Target 17.5: The number of countries that actively promote outward foreign direct investment to developing countries, including least developed countries, remains limited. In 2023, at least 50 countries, including 19 emerging or developing economies, had at least one type of investment promotion mechanism for outward foreign direct investment in place. However, out of those, only 23 countries have adopted an outward foreign direct investment promotion scheme specifically targeting developing countries, including least developed countries.
Information and communications technology
Target 17.6: Fixed-broadband subscriptions continue to grow steadily, at an average annual growth rate of 6.4% between 2015 and 2023, reaching 19 subscriptions per 100 inhabitants in 2023 globally. Nevertheless, while fixed connections are common among households in upper-middle-income and high-income countries, they are nearly non-existent in low-income countries due to high prices and a lack of infrastructure.
Target 17.8: Approximately 67% of the world's population, or 5.4 billion people were online in 2023. This represents a growth of 4.7% since 2022, a higher increase than that recorded from 2021 to 2022 at 3.5%. While there was an uptick in the increase in the number of Internet users during the COVID-19 pandemic, in the last three years growth rates in the number of Internet users were back to pre-pandemic levels.
Data, monitoring and accountability
Target 17.18: One of the far-reaching effects of the COVID-19 pandemic was the limited ability of national statistical offices to collect recent data for the Sustainable Development Goals. This was reflected in a drop in average data coverage scores in the Open Data Inventory (ODIN).
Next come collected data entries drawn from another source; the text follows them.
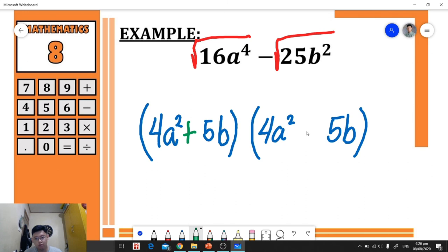One group will use addition and the other subtraction, giving (4a² + 5b)(4a² - 5b). Note that you can interchange the addition and subtraction because of the commutative property of multiplication. Now that you know how to factor a difference of two squares, click the link in the description below to open our practice exercise. That's it for today — I am Teacher Justin. Goodbye, God bless, and stay safe. See you in my next video!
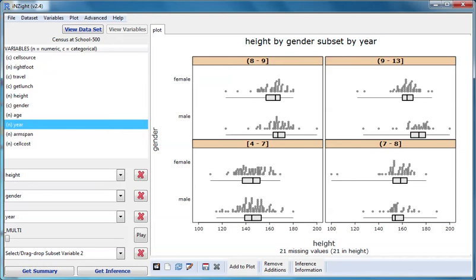Generally, when we already have a type of graph, which is determined by what's in variable slots one and two, introducing a subsetting variable lets us explore how the pattern we see in that type of graph changes when we look across different subgroups of individuals.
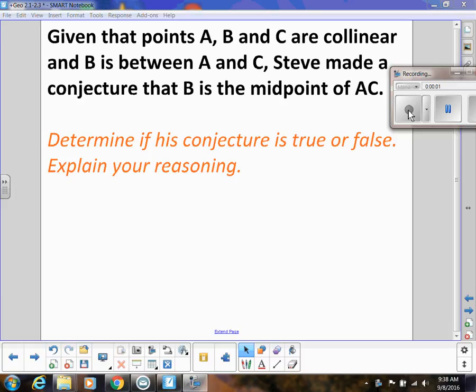All right, in this video we are starting our logic unit, and in this first video we're really going to talk about a lot of the vocabulary that you need in order to look at problems in a logical manner. So this video, make sure you take good notes on the vocabulary — I'm going to be using that quite a bit — and please ask questions in class if you don't understand some of the vocabulary.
Despite the recent decrease in data production capabilities, a comparison of ODIN coverage scores from 2017 to 2022 shows that the scores of low- and middle-income countries have increased at the same pace as high-income countries. Globally, scores on the Data Sources Performance Index (Statistical Performance Indicators Pillar 4) and Data Infrastructure Performance Index (Statistical Performance Indicators Pillar 5) have been improving since 2016. Data sources improved by only 3 points, held back in part because of COVID disruptions, while data infrastructure—meaning both the hard and soft infrastructure needed to produce data are available—has increased by around 14 points. In 2023, 159 countries and territories reported having national statistical legislation in compliance with the Fundamental Principles of Official Statistics, representing a significant increase from 132 in 2019 and marking the fastest annual growth of 10 countries. In 2023, a total of 163 countries and territories reported having implemented a national statistical plan, marking an increase from 143 in 2019 and 156 in 2022. Of these, 109 plans were fully funded, up from 91 in 2019 and 100 in 2022. These trends suggest a recovery from the long-term disruptions caused by the pandemic on the planning and execution of statistical activities.
Target 17.19: There has been a resurgence in international support for the development of data and statistics, reaching $799 million in 2021 and representing a 14% increase from 2020 and a substantial 44% increase from 2015. Notably, 2021 marked the first time that multilateral aid providers emerged as the main source of funding.